Having regard to the clear pronouncement of the Apex Court in British India General Insurance Company (supra) as well as the National Insurance Co. Ltd. (supra) (Full Bench), the submission that the insurer, namely, Insurance Company cannot challenge the award on merit, is accepted and, accordingly, the preliminary objection raised by the learned Counsel for the respondents sustains.

  1. As regards the merits of this case, I also do not find any illegality in the award. The findings arrived at by the Tribunal are all based upon the correct appraisal of evidence both oral and documentary as well as the procedures in calculating the compensation amount has been reasonably followed by the Tribunal, which cannot be interfered with.
  2. Other aspect of the matter may also be borne in mind while deciding such claim of the victim. Most of the victims of the motor accident come from middle or lower strata of the society being pedestrians, on cycle, scooter, motor cycle, tempo and bus. One can imagine the predicament of the family who died in a motor accident. It is well known that monetary compensation cannot be adequate and equal for loss of life or even permanent disability.

DECISION OF COURT: In that view of the matter, whatever meagre amount is permissible under the statute must reach the victim’s family without any loss of time when the compensation is sought for before the Court. The statute has taken care of the sufferings and pains of the deceased’s family and, as such, a summary proceeding has been provided for deciding the claim of the claimants.

Even though the persons who have suffered injuries and/or met with an accident are legally entitled to claim, damages under the law of Torts’ by initiating a regular suit, in order to avoid mental harassment and monetary loss the summary procedure has been prescribed under the statute which must be kept in view by the Court concerned while deciding such claim.

In the result, this appeal is dismissed but without cost However, the Insurance Company, namely, appellant, is directed to pay the compensation amount as early as possible preferably within six weeks, failing which the Insurance Company shall be liable to pay interest at the rate of 25% per annum on the balance amount to be paid to the claimant.

SECTION 173 OF THE MOTOR VEHICLES ACT, 1988 provides for filing of an appeal against the award passed by the Claims Tribunal. It is settled law that an appeal is continuation of the proceedings of the original Court/Tribunal. An appeal is a valuable right of the appellant and at the stage of an appeal, all questions of fact and law decided by the Tribunal are open for the reconsideration. Therefore, the appellate court is required to address all the questions before it and decide the case by giving reasons.

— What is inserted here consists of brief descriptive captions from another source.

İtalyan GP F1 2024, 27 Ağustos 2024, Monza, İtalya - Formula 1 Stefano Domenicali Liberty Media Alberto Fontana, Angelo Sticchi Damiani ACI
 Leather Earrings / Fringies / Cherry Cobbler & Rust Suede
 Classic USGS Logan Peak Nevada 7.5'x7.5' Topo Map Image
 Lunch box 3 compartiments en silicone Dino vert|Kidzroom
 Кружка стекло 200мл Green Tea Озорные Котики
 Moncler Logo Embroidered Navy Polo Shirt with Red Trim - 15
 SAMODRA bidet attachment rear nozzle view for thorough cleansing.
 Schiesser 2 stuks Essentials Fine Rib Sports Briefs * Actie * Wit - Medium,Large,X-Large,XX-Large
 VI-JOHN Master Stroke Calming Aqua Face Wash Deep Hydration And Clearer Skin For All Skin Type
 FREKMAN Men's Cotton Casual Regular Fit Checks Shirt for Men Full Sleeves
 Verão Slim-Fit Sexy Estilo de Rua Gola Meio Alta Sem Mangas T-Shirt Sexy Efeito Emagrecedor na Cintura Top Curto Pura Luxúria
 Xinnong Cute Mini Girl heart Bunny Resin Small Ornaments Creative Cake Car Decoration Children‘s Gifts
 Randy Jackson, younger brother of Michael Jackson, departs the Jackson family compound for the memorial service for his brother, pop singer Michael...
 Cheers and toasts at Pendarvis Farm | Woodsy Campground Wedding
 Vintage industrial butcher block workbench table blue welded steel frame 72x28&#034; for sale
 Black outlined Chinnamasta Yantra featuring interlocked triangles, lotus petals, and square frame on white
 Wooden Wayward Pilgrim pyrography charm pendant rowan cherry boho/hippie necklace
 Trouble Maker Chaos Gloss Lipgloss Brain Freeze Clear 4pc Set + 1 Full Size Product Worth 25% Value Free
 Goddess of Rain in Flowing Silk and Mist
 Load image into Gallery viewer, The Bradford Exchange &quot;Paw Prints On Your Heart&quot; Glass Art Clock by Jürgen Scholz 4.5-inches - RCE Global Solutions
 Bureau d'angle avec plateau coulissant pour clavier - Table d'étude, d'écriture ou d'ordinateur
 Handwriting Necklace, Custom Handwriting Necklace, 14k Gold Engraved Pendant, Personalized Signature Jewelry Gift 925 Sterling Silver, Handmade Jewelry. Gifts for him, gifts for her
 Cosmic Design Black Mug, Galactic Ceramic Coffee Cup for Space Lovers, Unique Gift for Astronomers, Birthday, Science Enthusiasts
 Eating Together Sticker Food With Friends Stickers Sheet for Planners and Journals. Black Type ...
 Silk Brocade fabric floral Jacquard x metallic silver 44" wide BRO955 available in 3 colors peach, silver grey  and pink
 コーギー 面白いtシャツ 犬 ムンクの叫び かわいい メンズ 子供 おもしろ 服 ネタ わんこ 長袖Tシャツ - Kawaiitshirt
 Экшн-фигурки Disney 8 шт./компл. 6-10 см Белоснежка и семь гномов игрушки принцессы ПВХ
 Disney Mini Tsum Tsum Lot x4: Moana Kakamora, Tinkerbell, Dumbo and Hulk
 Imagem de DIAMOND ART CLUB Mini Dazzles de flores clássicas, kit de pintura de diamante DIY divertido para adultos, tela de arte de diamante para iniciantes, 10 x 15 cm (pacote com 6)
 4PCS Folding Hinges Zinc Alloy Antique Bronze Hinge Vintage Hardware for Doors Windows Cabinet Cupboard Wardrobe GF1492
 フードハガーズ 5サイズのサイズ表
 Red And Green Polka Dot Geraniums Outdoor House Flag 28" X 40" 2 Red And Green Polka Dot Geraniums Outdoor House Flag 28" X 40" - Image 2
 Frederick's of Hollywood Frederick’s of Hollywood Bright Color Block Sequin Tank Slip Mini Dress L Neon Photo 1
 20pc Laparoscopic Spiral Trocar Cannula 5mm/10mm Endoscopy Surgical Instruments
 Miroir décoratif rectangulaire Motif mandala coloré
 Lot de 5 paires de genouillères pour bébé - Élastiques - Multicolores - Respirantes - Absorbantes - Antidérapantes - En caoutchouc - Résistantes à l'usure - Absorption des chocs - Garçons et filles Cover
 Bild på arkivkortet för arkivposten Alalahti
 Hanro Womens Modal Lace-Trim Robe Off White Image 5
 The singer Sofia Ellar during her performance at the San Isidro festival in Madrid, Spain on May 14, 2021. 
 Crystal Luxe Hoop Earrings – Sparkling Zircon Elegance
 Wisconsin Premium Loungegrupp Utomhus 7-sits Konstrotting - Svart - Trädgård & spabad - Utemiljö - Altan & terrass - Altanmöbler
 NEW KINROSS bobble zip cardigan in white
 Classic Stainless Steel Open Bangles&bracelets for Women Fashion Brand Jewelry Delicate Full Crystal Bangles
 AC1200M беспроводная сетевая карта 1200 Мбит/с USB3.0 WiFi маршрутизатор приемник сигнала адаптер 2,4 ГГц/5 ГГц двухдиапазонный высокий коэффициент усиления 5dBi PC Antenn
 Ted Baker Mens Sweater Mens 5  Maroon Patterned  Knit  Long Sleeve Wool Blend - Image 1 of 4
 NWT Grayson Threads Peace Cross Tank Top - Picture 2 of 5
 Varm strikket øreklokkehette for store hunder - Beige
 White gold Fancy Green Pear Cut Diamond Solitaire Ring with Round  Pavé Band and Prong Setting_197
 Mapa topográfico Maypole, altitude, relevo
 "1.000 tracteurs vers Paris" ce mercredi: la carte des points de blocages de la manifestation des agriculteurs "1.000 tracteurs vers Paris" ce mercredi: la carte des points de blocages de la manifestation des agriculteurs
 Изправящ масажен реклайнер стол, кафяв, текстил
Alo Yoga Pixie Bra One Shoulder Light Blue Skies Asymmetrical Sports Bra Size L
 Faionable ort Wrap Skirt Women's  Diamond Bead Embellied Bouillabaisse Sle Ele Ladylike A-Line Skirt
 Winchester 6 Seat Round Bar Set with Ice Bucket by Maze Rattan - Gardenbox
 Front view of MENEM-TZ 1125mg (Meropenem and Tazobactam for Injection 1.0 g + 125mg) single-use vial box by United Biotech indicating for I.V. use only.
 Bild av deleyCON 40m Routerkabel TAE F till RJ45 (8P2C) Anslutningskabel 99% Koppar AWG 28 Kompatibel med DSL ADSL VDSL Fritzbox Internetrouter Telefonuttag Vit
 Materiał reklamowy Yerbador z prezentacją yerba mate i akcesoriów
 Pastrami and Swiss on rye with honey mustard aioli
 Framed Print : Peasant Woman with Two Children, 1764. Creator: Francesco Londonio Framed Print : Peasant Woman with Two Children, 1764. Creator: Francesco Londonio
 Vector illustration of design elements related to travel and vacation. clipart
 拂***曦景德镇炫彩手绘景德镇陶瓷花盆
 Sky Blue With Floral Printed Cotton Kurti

CONCLUSION:  from above decision is it clear that an insurance company can file appeal against award passed by the MACT only on the grounds mentioned in the provisions of Section 96(2) of the Motor Vehicles Act, 1988. Now the only manner of avoiding liability provided for in Sub-section (2) is by successfully raising any of the defences therein mentioned. It comes then to this that the insurer cannot avoid his liability except by establishing such defences. Therefore, Sub-section (6) clearly contemplates that he cannot take any defence not mentioned in Sub-section (2), If he could, then he would have been in a position to avoid his liability in a manner other than that provided for in Sub-section (2). That is prohibited by Sub-section (6).

CASE-6

Kamlesh Vs. Shriram General Insurance Company Ltd.

Supreme Court of India

[Civil Appeal No. 8796 of 2019]

FACTS OF CASE:

  1. This appeal arises out of order dated 21.6.2019 passed by the National Consumer Disputes Redressal Commission (“National Commission” for short) at New Delhi in First Appeal No.797 of 2015.
  2. In respect of an accident which had occurred in the night intervening 1st/2nd June, 2009 in which a truck owned by the appellant was damaged in fire, a claim was raised by the appellant. The claim was however, repudiated by the respondent-insurance company vide letter dated 9.9.2009 on the basis of a report of a Surveyor/Investigator that the fire was not natural.
  3. In the circumstances, Consumer Complaint No.81/2010 was filed by the appellant before the State Consumer Disputes Redressal Commission (“State Commission” for short), Lucknow, U.P. alleging deficiency on part of the respondent. The principal prayer made in the complaint was:

“a) That a direction may be issued to the opposite party no.1 for repudiating the insurance claim of the complainant amounting to Rs.13,50,000/- in his favour;”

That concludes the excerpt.